Automation to improve machine learning projects comes from a noble goal. By streamlining development, ML projects can be put in the hands of more people, including those who do not have years of data science training and a data center at their disposal.
End-to-end automation, while it may be promised by some providers, is not available yet. There are capabilities in AutoML, particularly in modeling tasks, that practitioners from novice to advanced data scientists are using today to enhance their work. However, seeing how automation and human operators interact, it may never be optimal for most data science projects to completely automate the process. In addition, AutoML tools struggle to address fairness, explainability, and bias—arguably the central issue in artificial intelligence (AI) and ML today.
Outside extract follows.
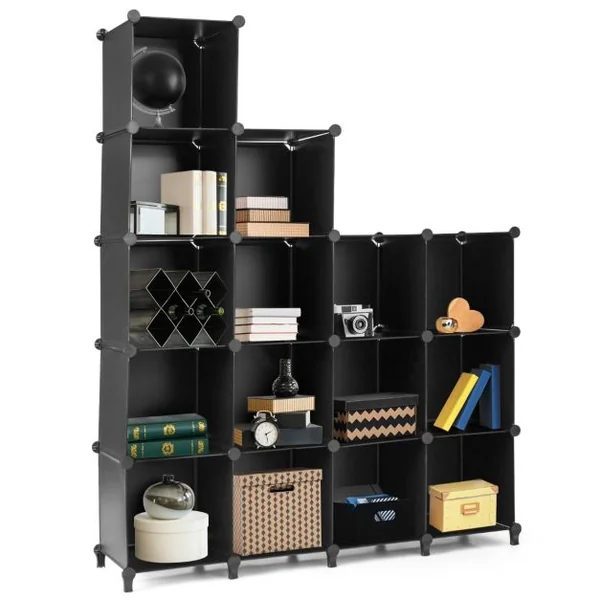 16 Cubes Armoire de Chambre Rangement avec Connecteurs ABS et Marteau Métallique Armoire Portable DIY Semi-transparent Noir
AutoML systems should emphasize ways to decrease the amount of time data engineers and ML practitioners spend on mechanistic tasks and interact well with practitioners of different skill levels.
Along with my colleagues Eva Yiwei Wu, Doris Jung-Lin Lee, Niloufar Salehi, and Aditya Parameswaran, I presented a paper at the ACM CHI Conference on Human Factors in Computer Systems studying how AutoML fits into machine workflows. The paper details an in-depth qualitative study of sixteen AutoML users ranging from hobbyists to industry researchers across a diverse set of domains.
Questions asked aimed to uncover their experiences working with and without AutoML tools and their perceptions of AutoML tools so that we could ultimately gain a better understanding of AutoML user needs; AutoML tool strengths / weaknesses; and insights into the respective roles of the human developer and automation in ML development.
The many faces of AutoML
The idea of automating some elements of a machine learning project is sensible. Many data scientists have had the dream of democratizing data science through an easy-to-use process that puts those capabilities in more hands. Today’s AutoML solutions fall into three categories: cloud provider solutions, commercial platforms, and open source projects.
Cloud provider solutions
The hosted compute resources of Google Cloud AutoML, Microsoft Azure Automated ML, and Amazon SageMaker Autopilot provide all the familiar benefits of cloud solutions: integration with the cloud data ecosystem for more end-to-end support, pay-as-you-go pricing models, low barrier to entry, and no infrastructure concerns. They also bring with them common cloud service frustrations a project may face: lack of customizability, vendor lock-in, and an opaque process. They all offer no-code solutions that appeal to the citizen scientist or innovator. But for the more advanced user, the lack of transparency is problematic for many scenarios; as of this writing, only Amazon SageMaker Autopilot allows the user to export code and intermediate results. Many users find themselves frustrated by the lack of control over model selection and limited visibility into the models utilized.
It is a familiar story with the Google, Amazon, and Microsoft solutions in other categories; cloud products seek to provide as much of an end-to-end solution as possible and an easy-to-use experience. The design tradeoff is low visibility and less customization options. For example, Google AutoML only provides the final model; it fails to yield the training code or any intermediate results during training. Microsoft Azure gives much more information about the training process itself, but it does not give the code for the training models.
Commercial platforms
The most frequently discussed commercial AutoML products are DataRobot and H20 Driverless AI. The companies behind these products are seeking to provide end-to-end AI and ML platforms for business users as well as data scientists, particularly those using on-premises compute. They focus on operationalizing the model: launching the application or data results for use.
Open source projects
There are a lot of open source projects in the machine learning space. Some of the more well-known are Auto-sklearn, AutoKeras, and TPOT. The open source process allows for the best of data science and development to come together. However, they are often lacking in post-processing deployment help that is a primary focus of commercial platforms.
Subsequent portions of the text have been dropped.